Task instructions -
Starting at the line that contains "ASSO 530.7011 - Средний", return every line through the end of the data exactly, without pictures.

Material to process -
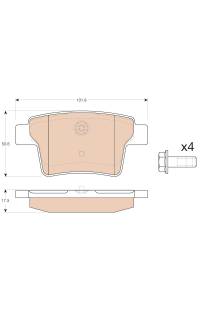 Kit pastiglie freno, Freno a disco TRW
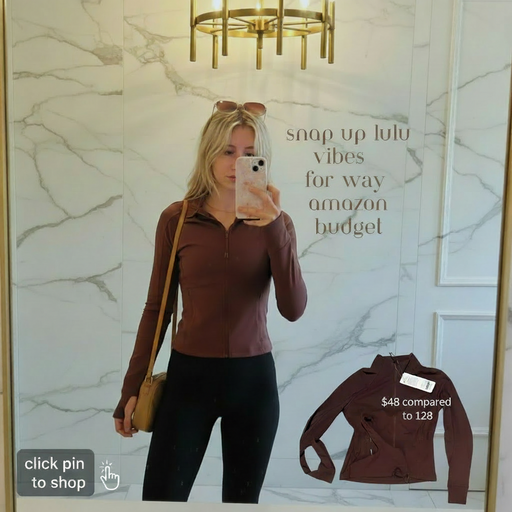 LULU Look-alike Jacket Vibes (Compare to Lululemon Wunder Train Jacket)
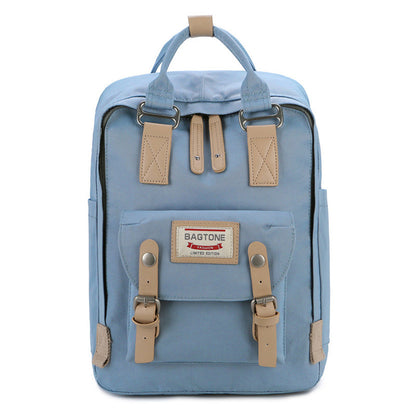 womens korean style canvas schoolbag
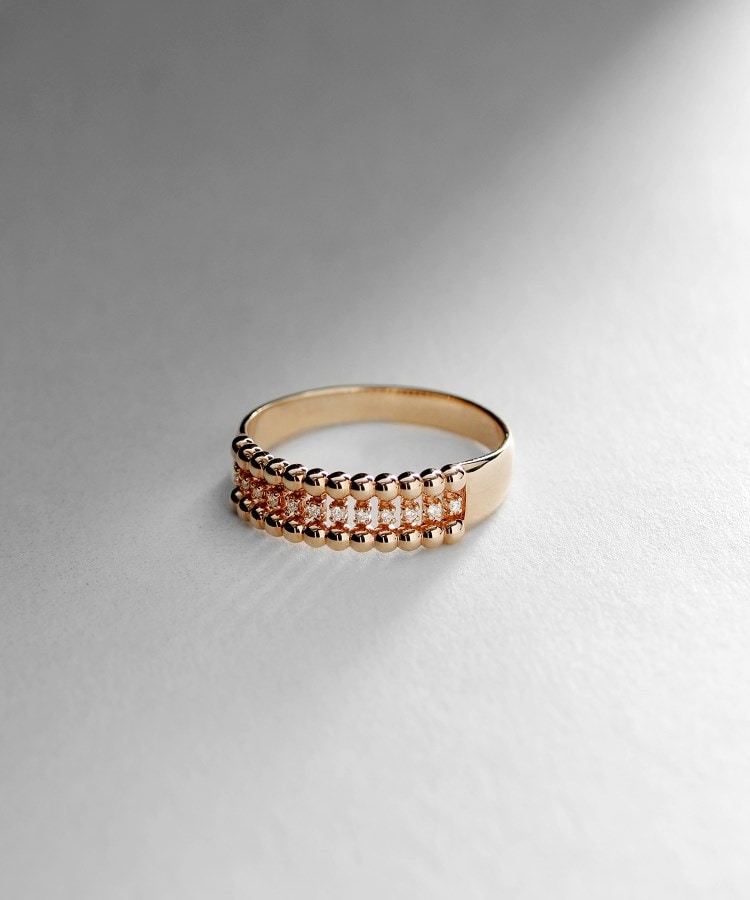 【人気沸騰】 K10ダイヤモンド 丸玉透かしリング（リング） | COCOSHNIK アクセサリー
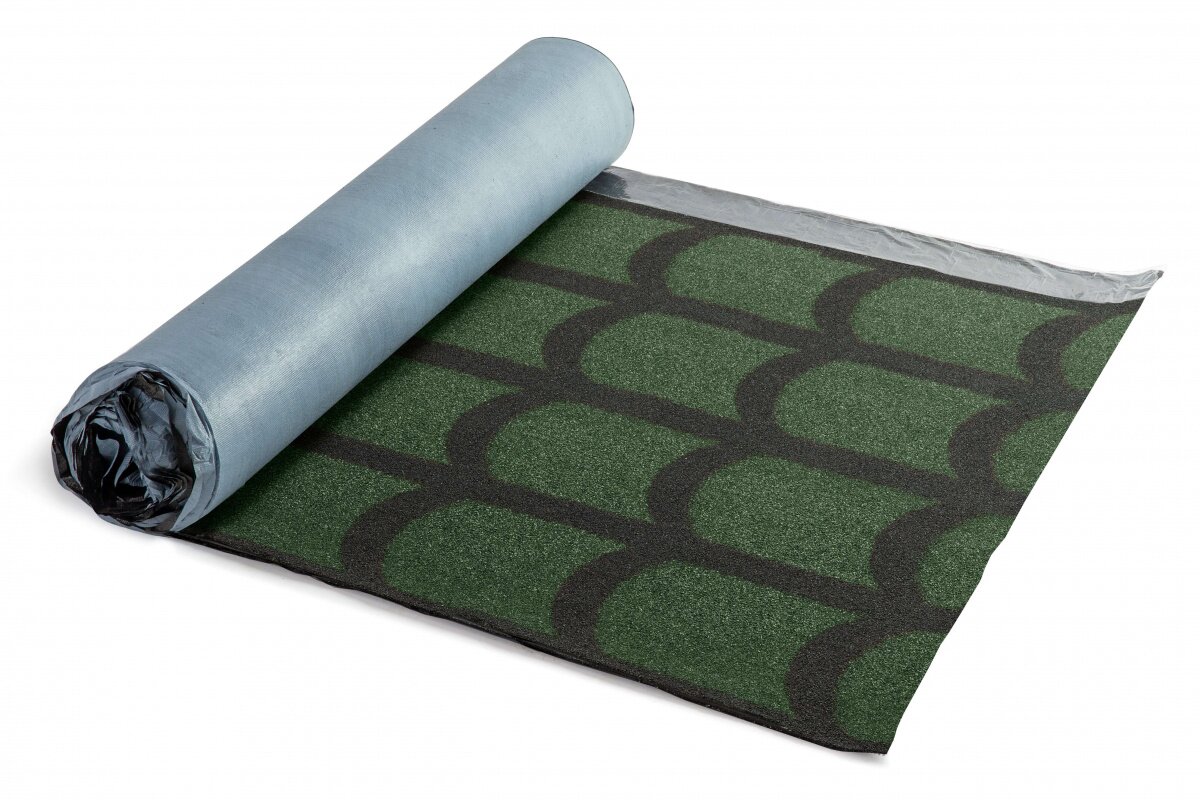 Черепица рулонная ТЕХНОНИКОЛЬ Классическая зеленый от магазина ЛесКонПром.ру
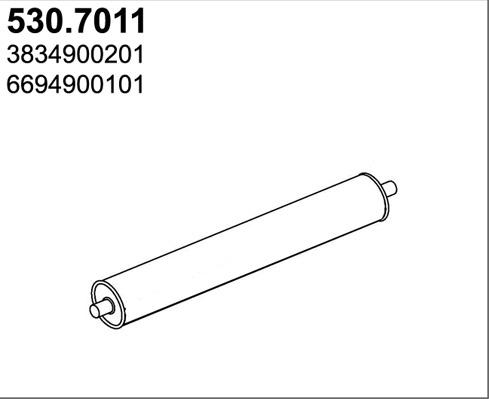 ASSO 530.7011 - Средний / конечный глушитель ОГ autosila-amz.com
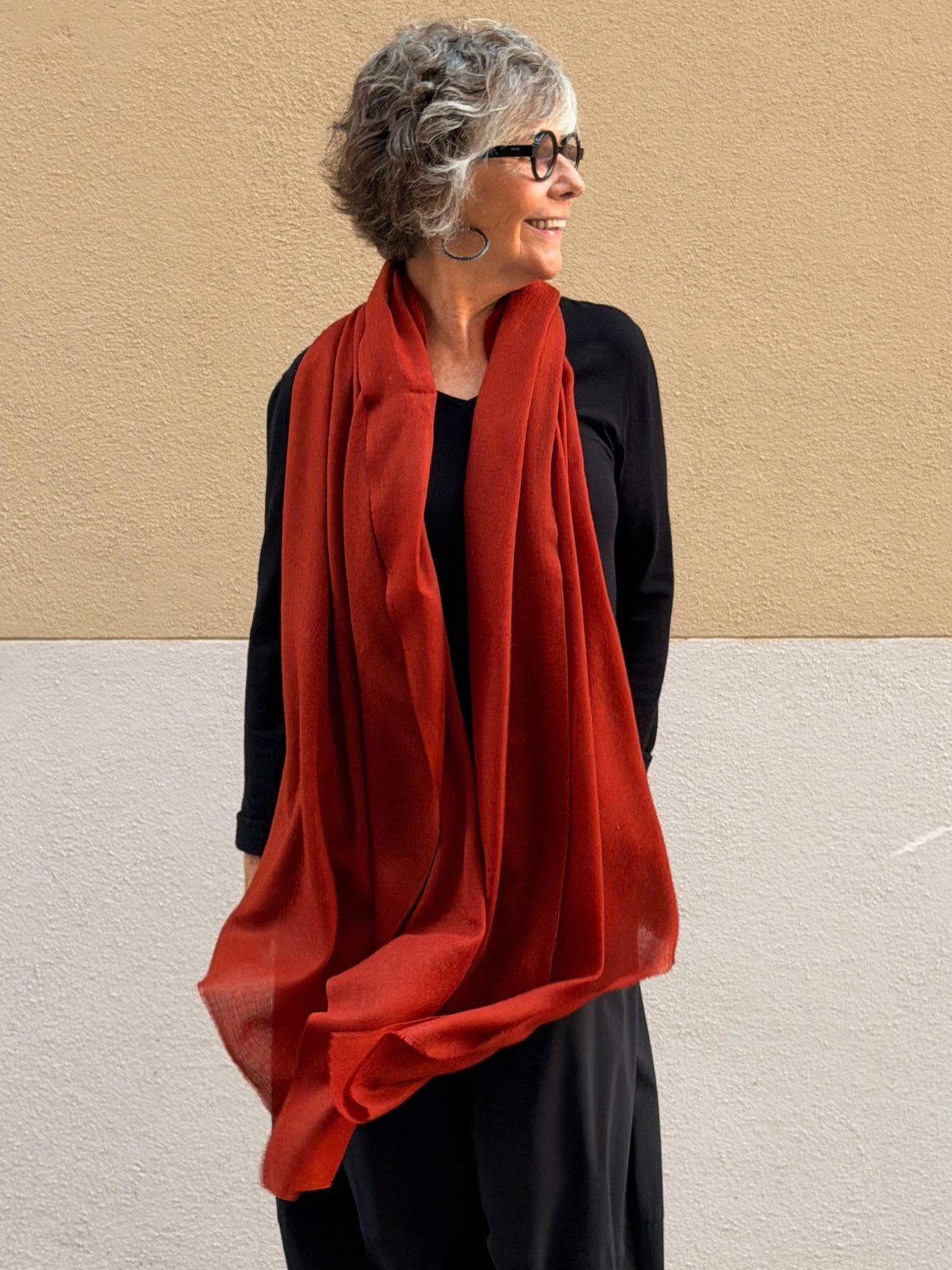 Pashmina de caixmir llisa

Task solution -
 ASSO 530.7011 - Средний / конечный глушитель ОГ autosila-amz.com
 Pashmina de caixmir llisa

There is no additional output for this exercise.